§ **Material supplied**:
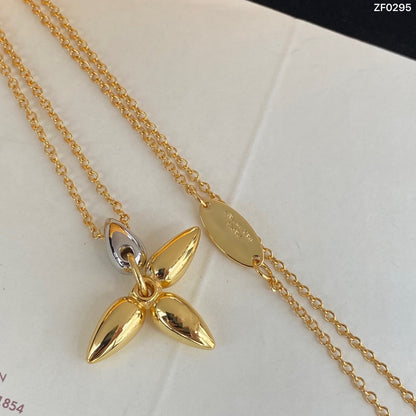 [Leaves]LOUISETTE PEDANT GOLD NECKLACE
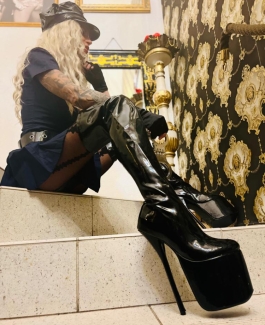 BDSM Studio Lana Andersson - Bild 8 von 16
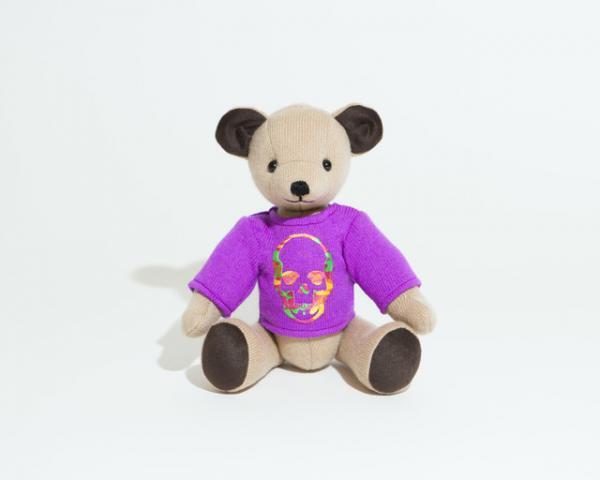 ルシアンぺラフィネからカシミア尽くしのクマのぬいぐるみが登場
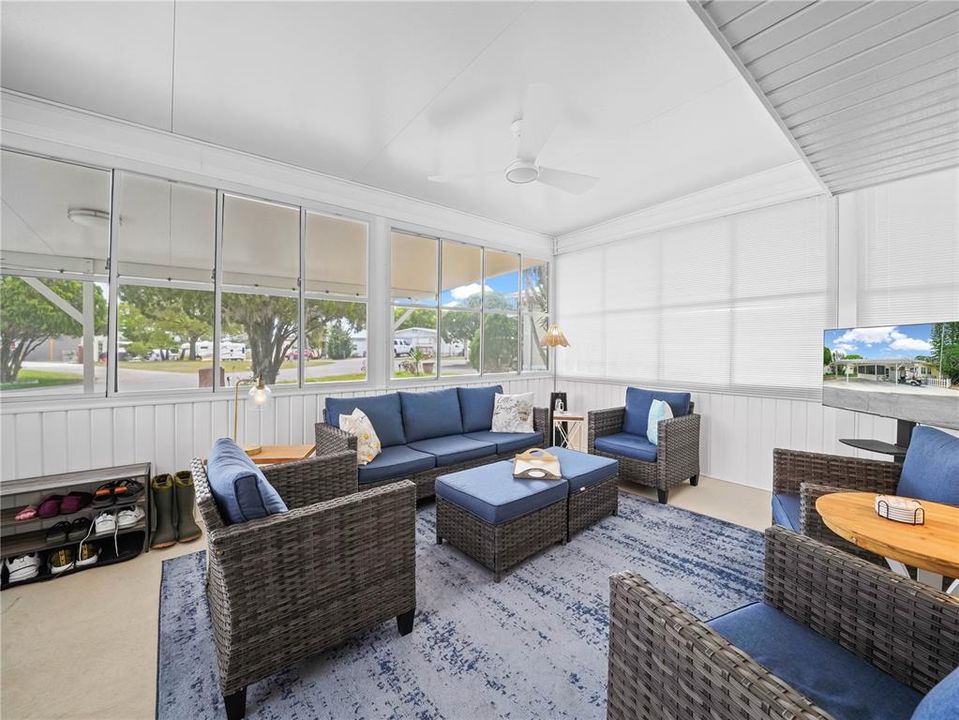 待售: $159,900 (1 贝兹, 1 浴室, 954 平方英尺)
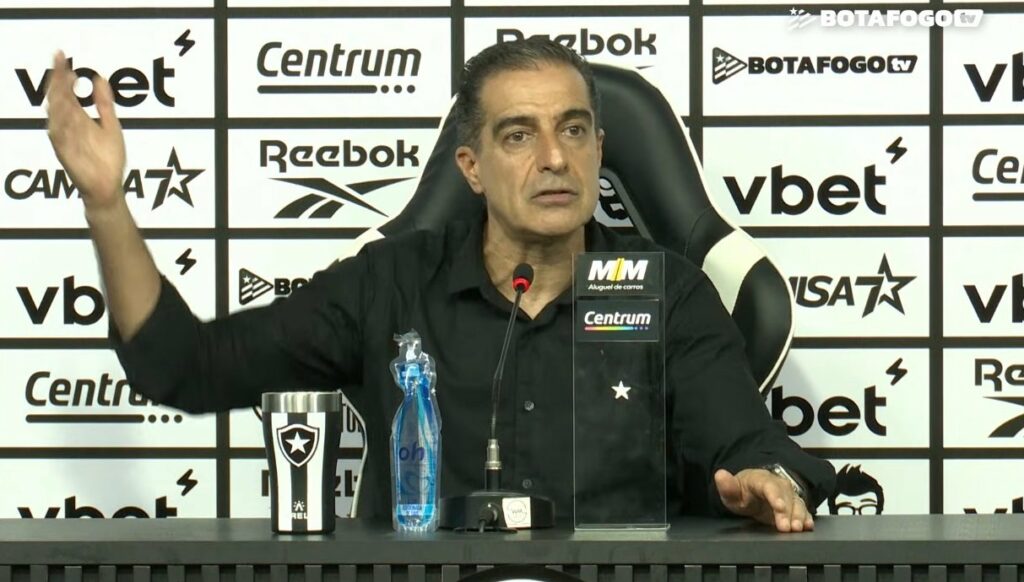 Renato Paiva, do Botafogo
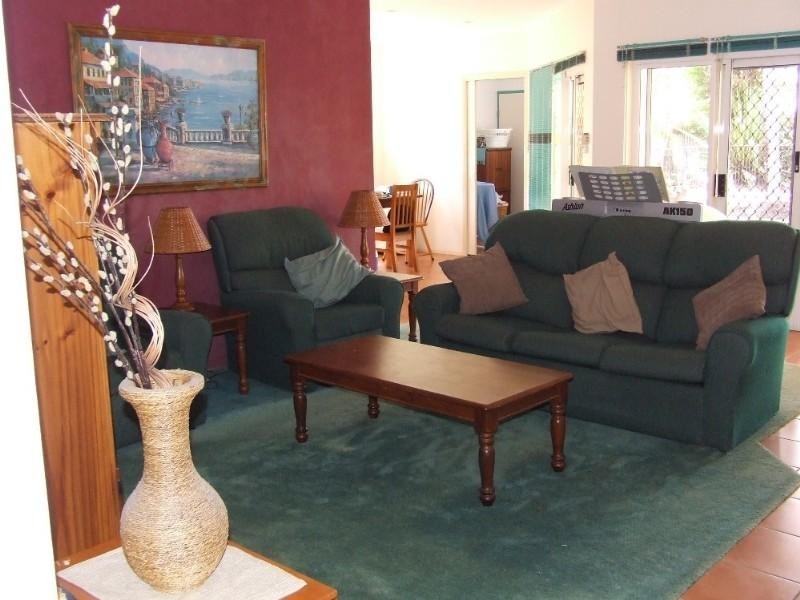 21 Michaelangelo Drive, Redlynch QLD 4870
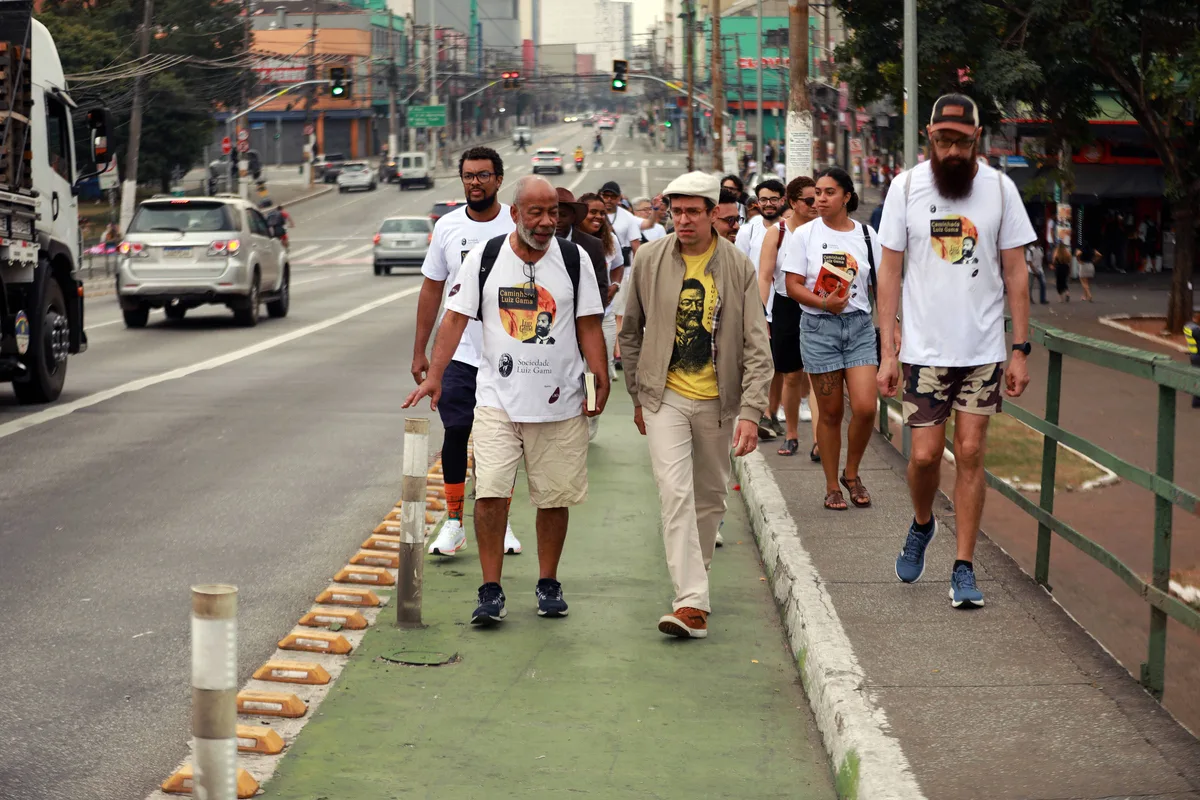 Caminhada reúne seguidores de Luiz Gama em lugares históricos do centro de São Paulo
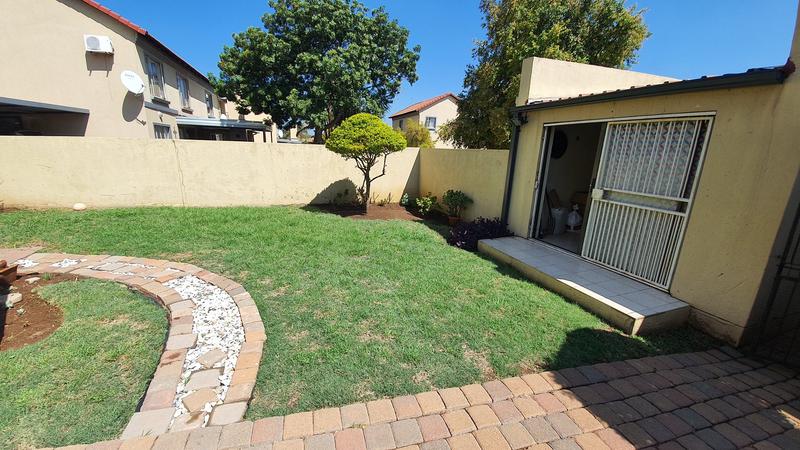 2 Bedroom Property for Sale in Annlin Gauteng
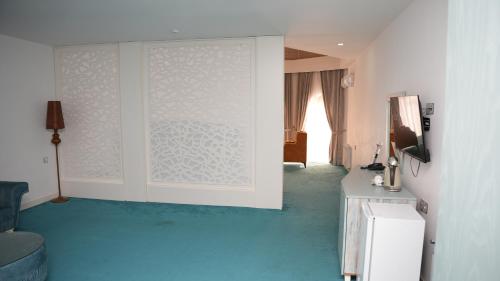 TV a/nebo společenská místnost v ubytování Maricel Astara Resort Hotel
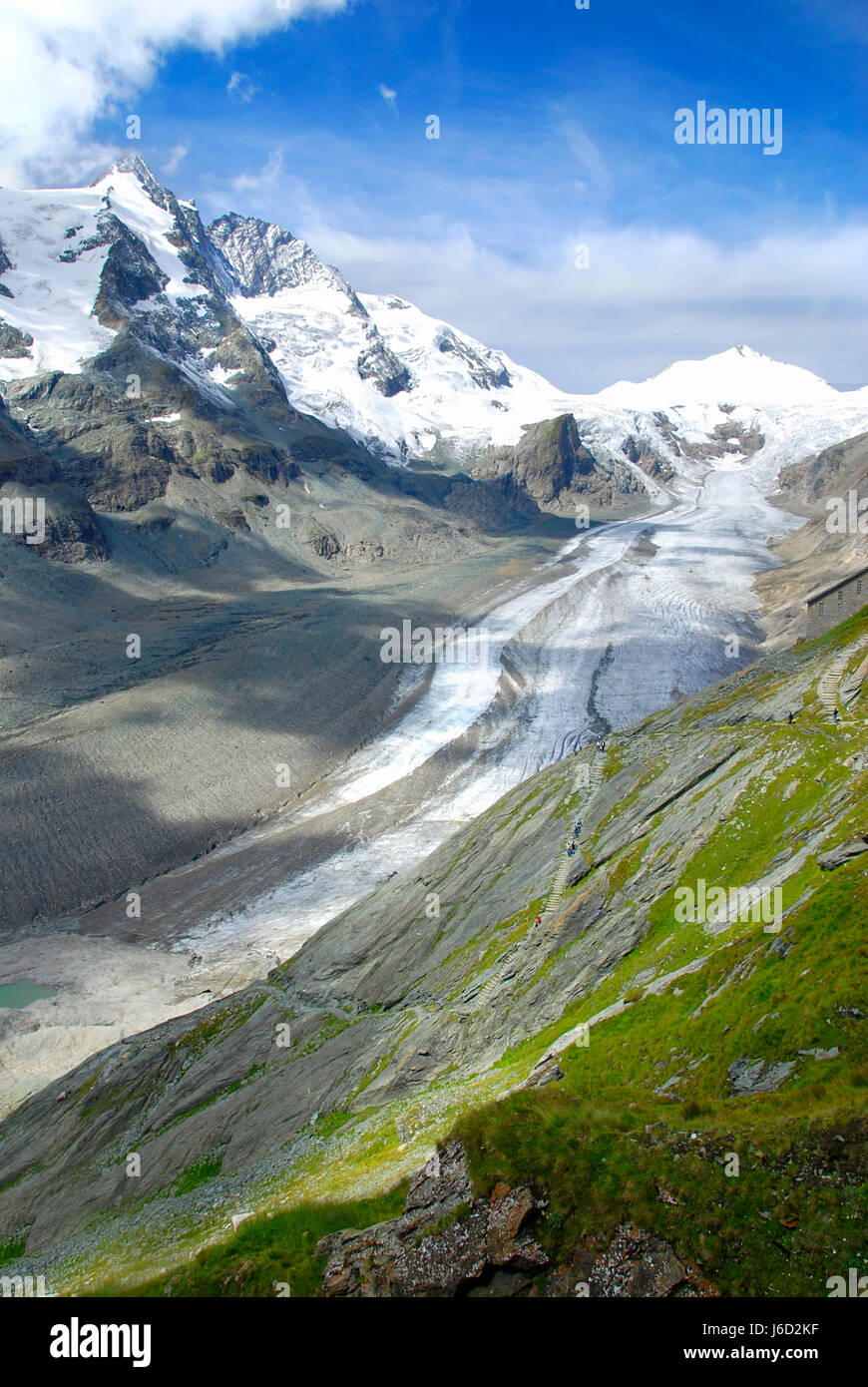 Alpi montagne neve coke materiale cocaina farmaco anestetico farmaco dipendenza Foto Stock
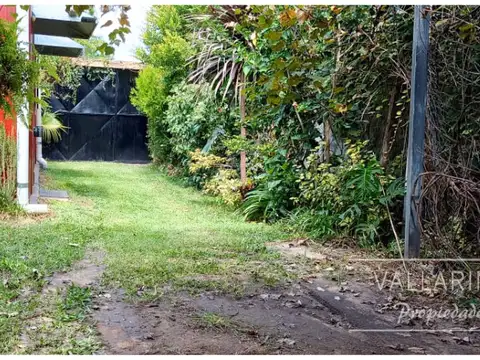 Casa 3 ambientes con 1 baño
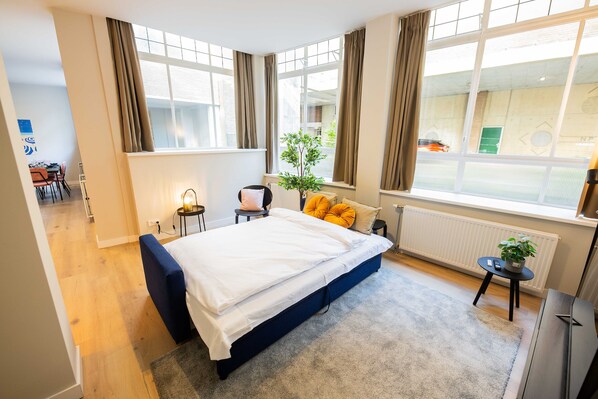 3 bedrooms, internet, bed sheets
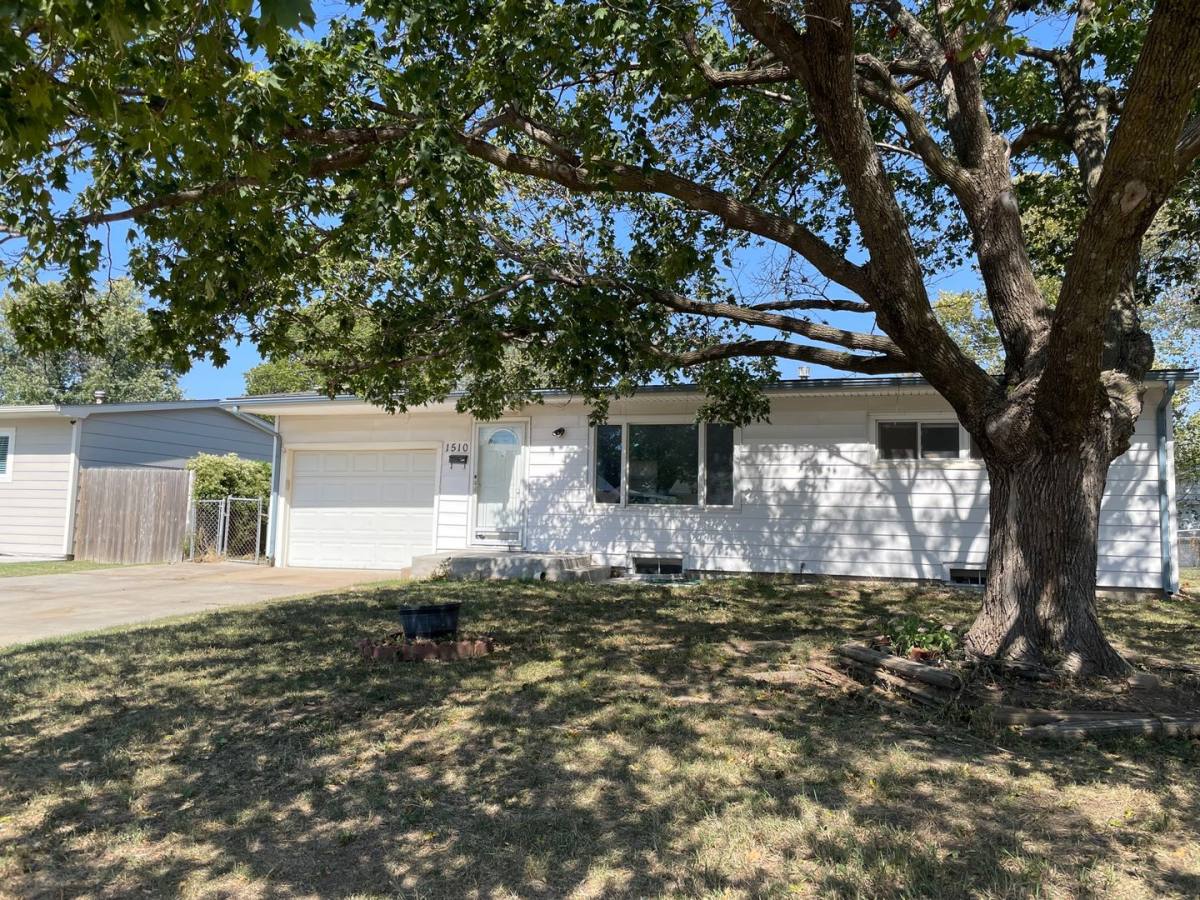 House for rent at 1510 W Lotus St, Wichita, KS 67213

§ **Instructions for the task**:
The lines running from the beginning of the listing above through the line that holds "TV a/nebo společenská" are to be duplicated exactly, both ends kept, pictures omitted.

§ **Result**:
 [Leaves]LOUISETTE PEDANT GOLD NECKLACE
 BDSM Studio Lana Andersson - Bild 8 von 16
 ルシアンぺラフィネからカシミア尽くしのクマのぬいぐるみが登場
 待售: $159,900 (1 贝兹, 1 浴室, 954 平方英尺)
 Renato Paiva, do Botafogo
 21 Michaelangelo Drive, Redlynch QLD 4870
 Caminhada reúne seguidores de Luiz Gama em lugares históricos do centro de São Paulo
 2 Bedroom Property for Sale in Annlin Gauteng
 TV a/nebo společenská místnost v ubytování Maricel Astara Resort Hotel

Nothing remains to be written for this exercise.